Offering comprehensive security functions in one drop-in IP, PUFcc is the only product that combines a hardware root of trust (PUFrt) with a full suite of crypto algorithms. Its security boundary is based on the physical isolation using chip fingerprint to establish a complete trusted execution environment (TEE), which is very different from a purely software-based design.
“At the heart of PUFcc is a Riscure-certified hardware root-of-trust module. Riscure is third-party lab for security certification. The hardware root of trust includes eMemory’s patented NeoPUF, which provides a unique chip fingerprint (UID) for each chip, and a tamper-resistant secure OTP for key storage, preventing physical/electrical attacks on critical security parameters,” explains Dr. Yang. “The hardware root of trust also features a true random number generator (TRNG), a dynamic entropy source for generating random key which is used for secure communications.”
It also features a comprehensive and customizable crypto engine. According to Dr. Yang, PUFcc supports a full set of NIST CAVP-certified and OSCCA-compliant cryptographic algorithms.
“Thanks to the modular design, customization remains flexible when customer would like to have design optimization,” he adds.
Apart from its security features, PUFcc also has numerous digital and analog tamper-resistant designs that strengthen security surface, making it a reliable cryptographic coprocessor.
“It is worth mentioning that PUFcc has successfully integrated Arm Cortex-M33 and Corstone-201 and passed the PSA Certified Level 2 Ready security framework test,” says Dr. Yang. “PUFcc is pre-qualified and available in all foundries. It is fully generic and can accelerate the time to market. For partners who look to obtain PSA Certification, adopting PUFcc makes the journey easier.”
PUFsecurity has won the Most Investable Start-up Team award at EE Awards Asia 2022. Now on its second year, EE Awards Asia celebrates the innovation, creativity, and contributions of Asia’s engineering community that have made a difference in the way we work, live, and communicate over the past year. This year, EE Awards Asia has gathered more than 400 entries from 137 companies around the world, vying for 22 award categories.
“We are very honored for receiving this award. It represents a recognition and affirmation from the industry leaders for our technology and leadership,” comments Dr. Yang. “As part of the management team of this young startup, I am so proud of my team, whose effort and outcome allows the opportunity for me to join the other giants in the semiconductor industry receiving EE Awards.”
He firmly believes that chip security is closely related to the future of technological development. “And we are ready to accept the challenges of the future and achieve new heights together with our partners,” he says.

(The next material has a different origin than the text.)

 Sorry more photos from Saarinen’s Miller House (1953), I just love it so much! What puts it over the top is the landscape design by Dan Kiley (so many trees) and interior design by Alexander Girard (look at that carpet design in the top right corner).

PUFsecurity believes that the PUFcc crypto coprocessor can be used in more application fields.
“We had a complete product development roadmap, from a Secure OTP, Root of Trust module (PUFrt), Crypto Coprocessor (PUFcc),” explains Dr. Yang. “Eventually, we will have a low-power secure element solution up to the chiplet level, which will be announced in 2023. Such a comprehensive product portfolio can support various scales of demands, from function-wise to system-wise level.”
The company also aims to develop total solutions with software firms to help clients establish a complete security ecosystem from edge to cloud.